Voodoo Trading
Voodoo trading could add a lot to your bottom line. W.D.
Gann, R.N. Elliott and other cultists spent years studying the
market's mystical side, trying to figure out how obscure ideas
could tap hidden profits. Magic numbers, astrological dates and
prayer wheels have all been enlisted in the search for that
elusive trading edge.
Most traders believe Fibonacci fits in the category of market
witchcraft, but this arcane science has a basis in fact. A 12th
century monk known as Fibonacci discovered a logical sequence
that appears throughout nature. Beginning with 1 + 1, the sum of
the last two numbers that precede it creates another Fibonacci
number.
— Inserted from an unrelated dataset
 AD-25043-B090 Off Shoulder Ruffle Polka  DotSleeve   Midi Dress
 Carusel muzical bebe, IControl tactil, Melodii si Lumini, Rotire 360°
For example: 1+1=2, 1+2=3, 2+3=5, 3+5=8, 5+8=13,
8+13=21, 13+21=34, 21+34=55, etc.
Major ratios between Fibonacci numbers identify expected
retracement levels, as markets pull back after rallies or
selloffs. The most common Fib retracements are 38%, 50% and 62%
of the principal price movement. These are price levels where
many traders expect important reversals and bounces. For obvious
reasons, these also represent entry signals in many short-term
strategies.
Fibonacci patterns and the Elliott Wave are kissing cousins.
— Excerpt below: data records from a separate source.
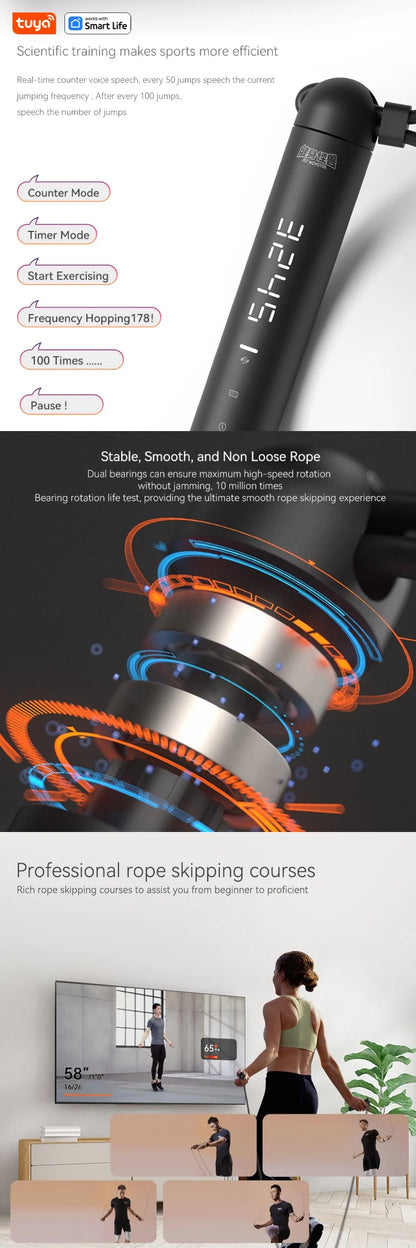 Smart jump rope for cardio workout
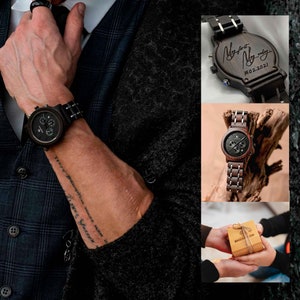Cadeau de fête des pères pour papa Montre gravée Montre personnalisée Cadeau d’anniversaire pour lui Montre en bois Petit ami Cadeau Groomsmen Montre Montre Montre Hommes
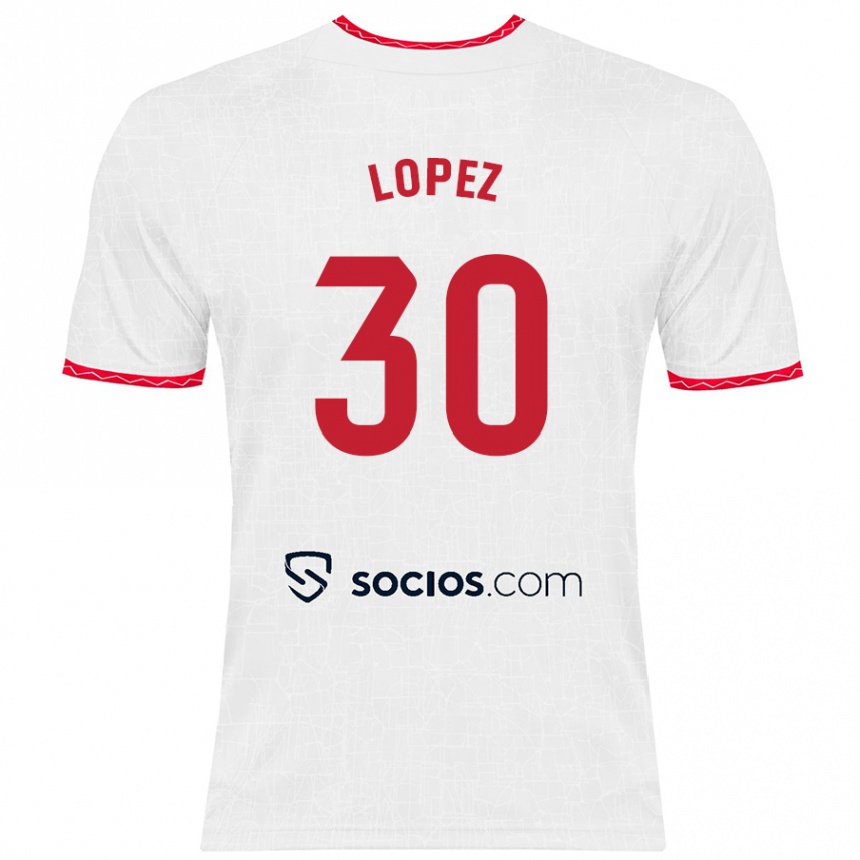 Kids Football Alba López #30 White Red Home Jersey 2024/25 T-Shirt Uk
According to Elliott, major rallies or selloffs occur in three
primary waves, with two countertrend waves in between. These
waves are often boxed into major retracement levels. Go back and
look at my article "Mind the Gaps." Notice how Fibonacci
retracements can also define levels where markets jump from one
price to another.
Markets swing off common retracements as they move from
support to resistance and back. But these dynamics have become
harder to trade in recent years. The popularity of Fibonacci as
a technical tool is the likely culprit. Many smart players now
trade against key retracement levels because they know weaker
hands will jump in at these prices. For example, they will sell
support just because of expectations of a bounce at that price
level.
But Fibonacci applications still have tremendous value for swing
traders. The trick is to use an original approach. First, never
trade a retracement level in a vacuum. Look for other forms of
support or resistance to show up at the same price level. For
example, when you see a 50-day moving average, an intermediate
high and a trend line converge at a 62% retracement, the odds
for an important reversal greatly increase.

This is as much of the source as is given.